In 2019, the World Bank said that the flow of remittances to low- and middle-income countries, excluding China, was now larger than foreign direct investment and development assistance.
To win the global war for talent, countries' efforts to ease their labor regulations will be vital, Khanna argued. Japan now lets some foreign professionals bring their families, while the European Union grants a work permit for highly qualified workers through its Blue Card system.
However, in the wake of the COVID-19 outbreak and subsequent lockdowns, the notion of green zones where reliable health care is offered has been added on top of existing factors for this competition, he said.
"Places will be considered green zones if they are providing free or low-cost health care and vaccinations. ... Some of these green zone countries already have investor residency programs, so they are looking to take advantage of the situation by attracting people who are frustrated from living in red zones," Khanna said.
If there is another wave of the pandemic -- or another pandemic entirely -- and you have to stay somewhere abroad, then "you probably want to make it a comfortable place," he added.
One notable example is Thailand. Known for containing the virus, the country is considering providing work permits to foreigners who invest at least $1 million in Thai property or businesses.
The Center for Economic Situation Administration, a government-backed body to handle Thailand's economic rehabilitation, in November approved a proposal to grant work permits to those who qualify for the top tier of the nine categories in the Thailand Elite residency visa program.
The proposal, which is to be discussed by the Tourism Authority of Thailand and related ministries before being submitted to the cabinet, aims to attract investors from around the world by allowing them to work in the kingdom.
Thailand Privilege Card, a company under the authority, achieved a record-high of 25% increase in Elite program memberships during fiscal 2020, ended in September, as people sought to stay in the coronavirus-free country, which has only recorded slightly above 4,000 cases, while neighboring Singapore has had 58,000 and Indonesia 581,000.

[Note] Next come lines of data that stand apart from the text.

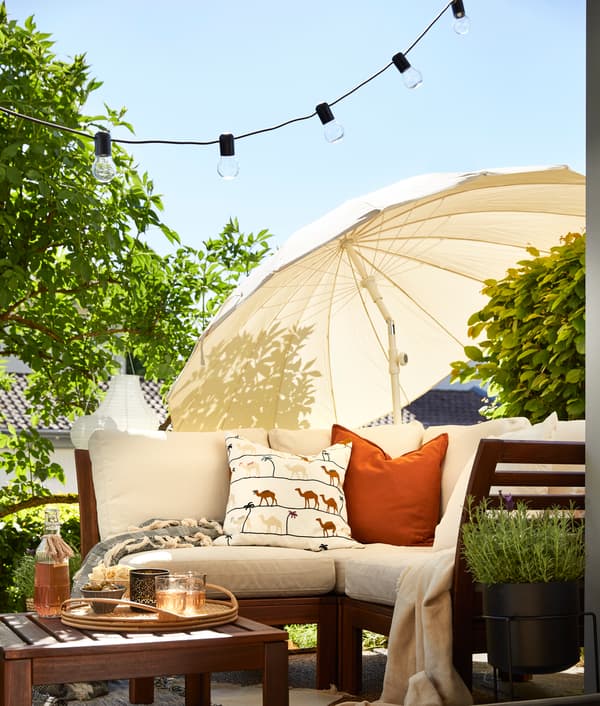 Sonnige Terrasse mit Gartenlounge aus Holz und Sonnenschirm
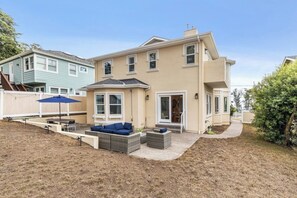 Ein zweistöckiges Haus mit einer Terrasse, die Gartenmöbel und einen blauen Sonnenschirm beinhaltet.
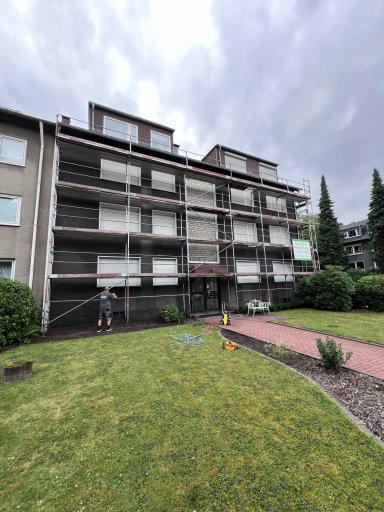 Mehrstöckiges Wohngebäude mit Balkonen und gepflegtem Grünbereich.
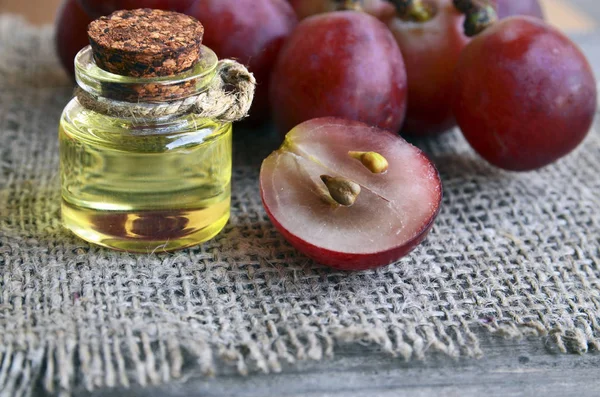 Grape seed oil in a glass jar and fresh grapes on old wooden table.Bottle of organic grape seed oil for spa and bodycare and grape berries.Spa,Bio,Eco products concept.Selective focus.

The "investment migration program is expected to bring in lots of investment and [is a] good opportunity to the country," Thailand Privilege Card President Somchai Soongswang told Nikkei Asia, arguing that the country's being a haven from COVID-19 has contributed to boosting the membership. "If we manage well, it will be beneficial to [our] country while maintaining [a] good healthy country condition."

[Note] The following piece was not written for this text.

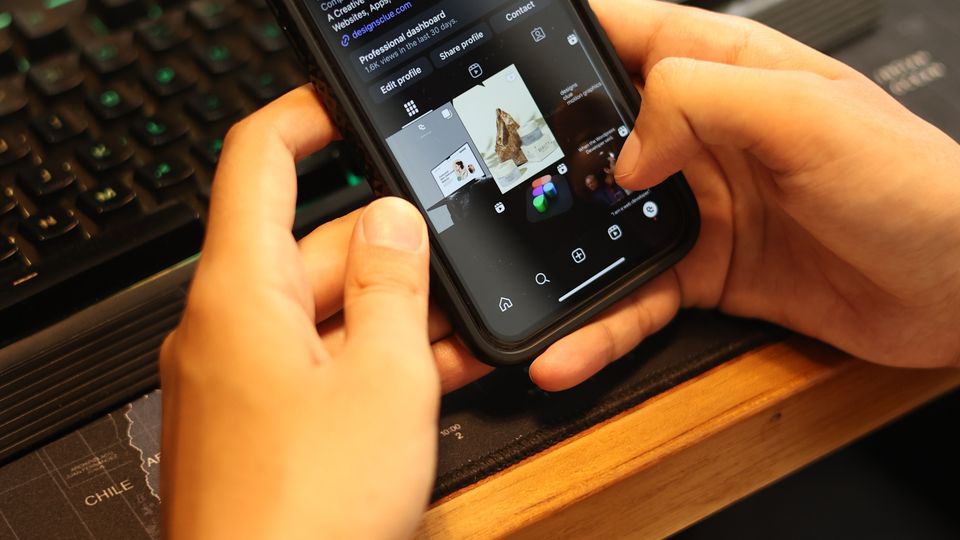 Person browsing a social media app on a smartphone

The International Monetary Fund said in April that an increase of 1 percentage point in the number of immigrants relative to total employment in advanced economies increases output by almost 1% by the fifth year, highlighting the economic benefits of migrant workers brought to destination countries.

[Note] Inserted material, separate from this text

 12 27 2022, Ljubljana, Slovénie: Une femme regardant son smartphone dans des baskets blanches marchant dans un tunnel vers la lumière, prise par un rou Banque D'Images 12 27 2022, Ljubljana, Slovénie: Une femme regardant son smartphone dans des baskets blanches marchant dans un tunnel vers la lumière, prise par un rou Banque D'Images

Khanna emphasized that there is "no zero-sum competition" between migrant labor and domestic labor. Not only do they have "different skill sets to complement each other, [but also] a greater number of people itself is a driver of a growth for a country because higher population creates higher demand."
"So what every country should want is people willing to pack their suitcases and bring their life savings to bet on that country," Khanna added.